→ Exercise directions: In the data below, work out how many lines include the string "hands". Only the number should be given.

Excerpts from a dataset:
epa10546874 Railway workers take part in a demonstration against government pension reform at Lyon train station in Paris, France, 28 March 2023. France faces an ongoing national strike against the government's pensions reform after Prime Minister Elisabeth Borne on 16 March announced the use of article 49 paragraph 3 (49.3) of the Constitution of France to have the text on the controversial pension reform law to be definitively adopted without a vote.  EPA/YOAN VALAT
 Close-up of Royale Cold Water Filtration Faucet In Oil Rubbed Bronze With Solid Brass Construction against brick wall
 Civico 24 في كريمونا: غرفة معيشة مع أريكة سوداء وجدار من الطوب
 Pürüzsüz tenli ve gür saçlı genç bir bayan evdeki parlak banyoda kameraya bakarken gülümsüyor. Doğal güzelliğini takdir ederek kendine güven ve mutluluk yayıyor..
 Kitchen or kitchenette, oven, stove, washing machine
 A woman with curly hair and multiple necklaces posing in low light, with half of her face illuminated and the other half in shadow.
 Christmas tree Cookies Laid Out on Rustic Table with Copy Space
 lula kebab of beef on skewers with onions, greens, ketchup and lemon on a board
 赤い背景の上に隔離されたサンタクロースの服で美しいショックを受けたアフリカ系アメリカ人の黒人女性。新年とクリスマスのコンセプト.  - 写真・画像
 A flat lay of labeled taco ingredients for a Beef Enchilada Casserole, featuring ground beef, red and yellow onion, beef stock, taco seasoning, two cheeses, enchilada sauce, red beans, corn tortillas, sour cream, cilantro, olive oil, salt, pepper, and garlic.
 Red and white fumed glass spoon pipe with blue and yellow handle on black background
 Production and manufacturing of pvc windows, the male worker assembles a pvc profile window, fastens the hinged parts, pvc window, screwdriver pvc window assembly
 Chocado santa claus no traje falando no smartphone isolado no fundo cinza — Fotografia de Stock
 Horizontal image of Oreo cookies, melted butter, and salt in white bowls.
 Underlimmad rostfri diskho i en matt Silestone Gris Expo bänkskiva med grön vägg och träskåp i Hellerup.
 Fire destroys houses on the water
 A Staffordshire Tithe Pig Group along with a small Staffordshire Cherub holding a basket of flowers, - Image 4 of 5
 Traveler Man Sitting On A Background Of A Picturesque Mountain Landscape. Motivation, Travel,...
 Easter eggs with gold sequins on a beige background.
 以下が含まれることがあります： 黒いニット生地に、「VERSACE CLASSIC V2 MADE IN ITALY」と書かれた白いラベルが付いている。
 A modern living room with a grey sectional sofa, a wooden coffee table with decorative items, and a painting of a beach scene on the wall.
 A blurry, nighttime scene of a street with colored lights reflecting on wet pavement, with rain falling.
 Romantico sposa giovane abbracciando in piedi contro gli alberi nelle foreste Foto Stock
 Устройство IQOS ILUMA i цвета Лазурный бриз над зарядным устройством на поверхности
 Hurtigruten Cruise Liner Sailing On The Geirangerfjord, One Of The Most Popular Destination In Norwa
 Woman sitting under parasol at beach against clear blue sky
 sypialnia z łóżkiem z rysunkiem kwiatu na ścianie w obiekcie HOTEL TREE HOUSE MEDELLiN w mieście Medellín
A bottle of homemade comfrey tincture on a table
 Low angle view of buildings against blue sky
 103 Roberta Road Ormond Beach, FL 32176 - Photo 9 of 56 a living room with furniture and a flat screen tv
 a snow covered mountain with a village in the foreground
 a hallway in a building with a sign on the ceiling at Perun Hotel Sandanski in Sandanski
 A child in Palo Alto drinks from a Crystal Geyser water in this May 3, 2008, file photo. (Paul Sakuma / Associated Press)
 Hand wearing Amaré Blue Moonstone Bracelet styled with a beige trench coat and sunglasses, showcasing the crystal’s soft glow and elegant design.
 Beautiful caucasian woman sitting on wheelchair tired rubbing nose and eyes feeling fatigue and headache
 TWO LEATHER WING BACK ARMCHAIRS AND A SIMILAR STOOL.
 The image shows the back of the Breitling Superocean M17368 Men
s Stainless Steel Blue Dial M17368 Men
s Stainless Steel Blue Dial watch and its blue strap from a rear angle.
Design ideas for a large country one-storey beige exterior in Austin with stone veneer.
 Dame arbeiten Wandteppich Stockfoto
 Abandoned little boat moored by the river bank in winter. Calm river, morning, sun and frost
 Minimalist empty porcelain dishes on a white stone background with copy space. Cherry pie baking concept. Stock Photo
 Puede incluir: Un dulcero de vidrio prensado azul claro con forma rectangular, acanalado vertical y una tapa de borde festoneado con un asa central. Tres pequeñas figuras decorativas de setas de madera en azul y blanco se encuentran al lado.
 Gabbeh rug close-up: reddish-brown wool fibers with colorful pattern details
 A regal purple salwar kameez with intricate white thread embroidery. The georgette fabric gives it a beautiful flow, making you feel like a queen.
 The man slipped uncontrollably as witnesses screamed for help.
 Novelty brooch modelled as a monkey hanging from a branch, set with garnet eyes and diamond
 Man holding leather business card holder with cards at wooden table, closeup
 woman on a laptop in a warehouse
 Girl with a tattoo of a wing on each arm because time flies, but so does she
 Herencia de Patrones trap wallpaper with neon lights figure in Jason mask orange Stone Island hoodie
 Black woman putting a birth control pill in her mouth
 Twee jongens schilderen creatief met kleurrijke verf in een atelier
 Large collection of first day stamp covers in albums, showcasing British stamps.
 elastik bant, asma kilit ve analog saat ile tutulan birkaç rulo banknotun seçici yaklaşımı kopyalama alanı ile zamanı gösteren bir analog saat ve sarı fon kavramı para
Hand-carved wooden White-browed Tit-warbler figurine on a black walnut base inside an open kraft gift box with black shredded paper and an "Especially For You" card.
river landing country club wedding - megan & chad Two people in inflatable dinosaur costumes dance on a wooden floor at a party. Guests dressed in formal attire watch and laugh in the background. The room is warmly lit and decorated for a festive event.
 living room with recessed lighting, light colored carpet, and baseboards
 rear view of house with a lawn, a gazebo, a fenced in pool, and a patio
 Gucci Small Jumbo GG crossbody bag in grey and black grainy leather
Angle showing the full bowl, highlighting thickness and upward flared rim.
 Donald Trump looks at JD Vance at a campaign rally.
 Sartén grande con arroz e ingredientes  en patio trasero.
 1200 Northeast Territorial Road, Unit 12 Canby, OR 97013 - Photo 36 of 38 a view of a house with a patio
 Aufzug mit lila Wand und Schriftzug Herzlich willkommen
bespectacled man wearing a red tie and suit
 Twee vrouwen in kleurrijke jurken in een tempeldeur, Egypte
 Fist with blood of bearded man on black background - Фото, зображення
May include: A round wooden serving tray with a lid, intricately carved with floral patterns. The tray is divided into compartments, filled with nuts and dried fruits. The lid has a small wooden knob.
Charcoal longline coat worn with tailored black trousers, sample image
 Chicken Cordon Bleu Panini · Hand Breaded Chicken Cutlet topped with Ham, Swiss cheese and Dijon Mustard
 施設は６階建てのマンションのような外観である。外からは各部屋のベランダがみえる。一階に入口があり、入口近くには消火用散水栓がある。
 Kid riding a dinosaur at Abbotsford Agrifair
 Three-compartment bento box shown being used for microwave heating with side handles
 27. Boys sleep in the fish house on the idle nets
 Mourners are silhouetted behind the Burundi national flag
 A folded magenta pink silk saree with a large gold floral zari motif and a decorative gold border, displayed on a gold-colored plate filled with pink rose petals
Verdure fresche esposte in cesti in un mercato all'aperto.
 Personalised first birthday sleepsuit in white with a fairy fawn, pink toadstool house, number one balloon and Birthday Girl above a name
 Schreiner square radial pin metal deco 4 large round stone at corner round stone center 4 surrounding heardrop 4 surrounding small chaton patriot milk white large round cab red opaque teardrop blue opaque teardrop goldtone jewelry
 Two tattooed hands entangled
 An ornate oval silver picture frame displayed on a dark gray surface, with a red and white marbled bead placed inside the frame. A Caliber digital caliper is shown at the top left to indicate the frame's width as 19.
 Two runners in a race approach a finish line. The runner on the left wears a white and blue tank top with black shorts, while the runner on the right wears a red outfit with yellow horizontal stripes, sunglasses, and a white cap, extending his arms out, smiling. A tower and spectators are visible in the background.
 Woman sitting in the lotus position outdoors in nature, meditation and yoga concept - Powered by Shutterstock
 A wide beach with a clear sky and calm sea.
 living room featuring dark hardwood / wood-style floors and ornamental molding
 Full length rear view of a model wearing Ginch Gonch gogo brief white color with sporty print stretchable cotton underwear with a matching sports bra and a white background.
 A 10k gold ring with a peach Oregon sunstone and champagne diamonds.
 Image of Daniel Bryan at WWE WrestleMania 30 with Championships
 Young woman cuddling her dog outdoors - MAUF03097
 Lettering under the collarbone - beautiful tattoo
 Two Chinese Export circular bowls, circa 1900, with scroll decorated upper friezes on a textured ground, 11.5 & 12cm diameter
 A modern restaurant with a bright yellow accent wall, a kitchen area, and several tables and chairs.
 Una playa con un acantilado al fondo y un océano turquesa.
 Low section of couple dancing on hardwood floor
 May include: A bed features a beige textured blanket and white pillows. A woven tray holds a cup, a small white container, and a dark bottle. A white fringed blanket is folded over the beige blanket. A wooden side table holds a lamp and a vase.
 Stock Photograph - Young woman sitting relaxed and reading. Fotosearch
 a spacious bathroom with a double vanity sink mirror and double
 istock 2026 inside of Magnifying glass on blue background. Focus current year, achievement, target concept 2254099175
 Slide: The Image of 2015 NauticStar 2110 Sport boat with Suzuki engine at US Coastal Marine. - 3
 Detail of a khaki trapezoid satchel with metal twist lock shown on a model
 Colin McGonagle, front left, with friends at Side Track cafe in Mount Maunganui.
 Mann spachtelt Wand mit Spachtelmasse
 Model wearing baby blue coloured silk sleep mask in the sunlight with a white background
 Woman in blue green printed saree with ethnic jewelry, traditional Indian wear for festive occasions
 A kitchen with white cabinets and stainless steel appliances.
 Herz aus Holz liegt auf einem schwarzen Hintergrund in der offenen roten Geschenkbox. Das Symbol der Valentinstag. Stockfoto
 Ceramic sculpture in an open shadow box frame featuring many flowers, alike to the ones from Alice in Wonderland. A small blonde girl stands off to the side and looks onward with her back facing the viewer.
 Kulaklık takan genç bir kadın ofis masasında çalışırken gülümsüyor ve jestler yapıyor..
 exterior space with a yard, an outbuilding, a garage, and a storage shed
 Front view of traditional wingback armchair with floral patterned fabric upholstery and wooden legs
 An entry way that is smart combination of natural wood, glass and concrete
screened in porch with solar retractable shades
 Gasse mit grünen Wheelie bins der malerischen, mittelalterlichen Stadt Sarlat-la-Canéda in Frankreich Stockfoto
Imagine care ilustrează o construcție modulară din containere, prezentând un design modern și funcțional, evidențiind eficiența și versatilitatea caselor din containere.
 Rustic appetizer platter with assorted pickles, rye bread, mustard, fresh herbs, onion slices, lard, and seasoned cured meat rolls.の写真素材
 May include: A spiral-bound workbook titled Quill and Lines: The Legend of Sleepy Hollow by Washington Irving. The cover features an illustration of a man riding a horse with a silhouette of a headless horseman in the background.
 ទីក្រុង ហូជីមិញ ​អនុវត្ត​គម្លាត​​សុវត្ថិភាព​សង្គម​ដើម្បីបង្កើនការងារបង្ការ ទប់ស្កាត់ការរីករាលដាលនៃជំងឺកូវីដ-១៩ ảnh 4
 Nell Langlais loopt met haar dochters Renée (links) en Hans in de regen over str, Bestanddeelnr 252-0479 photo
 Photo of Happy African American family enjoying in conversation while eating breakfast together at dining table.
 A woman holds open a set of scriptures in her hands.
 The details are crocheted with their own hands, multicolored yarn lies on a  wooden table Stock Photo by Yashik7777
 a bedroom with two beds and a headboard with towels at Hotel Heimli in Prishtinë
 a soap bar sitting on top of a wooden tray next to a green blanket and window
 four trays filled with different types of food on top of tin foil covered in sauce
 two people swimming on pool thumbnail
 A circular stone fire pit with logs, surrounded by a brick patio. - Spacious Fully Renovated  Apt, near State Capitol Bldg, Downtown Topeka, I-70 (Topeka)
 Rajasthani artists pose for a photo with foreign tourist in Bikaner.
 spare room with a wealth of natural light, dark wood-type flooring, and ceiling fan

→ Result of the exercise: 3